We take the causes we highlighted extremely seriously – that’s why we created this campaign in partnership with many hallmark community organizations, for whom we’re raising money at Groupon’s roots are in social activism – we actually began as cause-based website called The Point, and we continue to use Groupon to support local causes with our G-Team initiative. In our two short years as a business, we’ve already raised millions of dollars for national charities like Donors Choose and Kiva.

Who knew?! Maybe if you already knew, but if you didn’t, how could you know?!

Mason goes on to say, that the ads were meant to be self-deprecating, poking fun at the often “trivial nature of stuff on Groupon when juxtaposed against bigger world issue.” He ends saying that they would never want to offend their customers.
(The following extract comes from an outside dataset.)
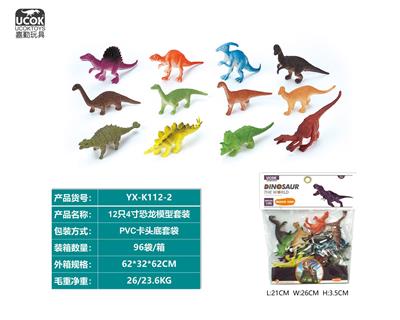 Animaltoys - OBL10045708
The New York Times notes that the company has a history of stunt marketing, such as the Live Off Groupon campaign. Now we get it.

Update: CNBC is reporting that despite the criticism over the ads, Groupon’s clips have been successful. “They have over 50,000 new customers that have come on board since the ad ran, so its actually drawing the kind of business performance that we expected it to,” Miles Nadal, CEO of MDC Partners told the news outlet. Crispin Porter, an MDC ad agency, created the spots.

“You have to understand there is a difference between popularity and business effectiveness,” he went on to say.

Update: Mason has announced that the company is pulling the ads.

“We’ve listened to your feedback, and since we don’t see the point in continuing to anger people, we’re pulling the ads (a few may run again tomorrow – pulling ads immediately is sometimes impossible).,” Mason wrote on the Groupon blog. “We will run something less polarizing instead. We thought we were poking fun at ourselves, but clearly the execution was off and the joke didn’t come through.”

He goes on to thank those who supported the company through the past days and says the charities involved will raise more than $500,000 and the company is donating $100,000 each as well.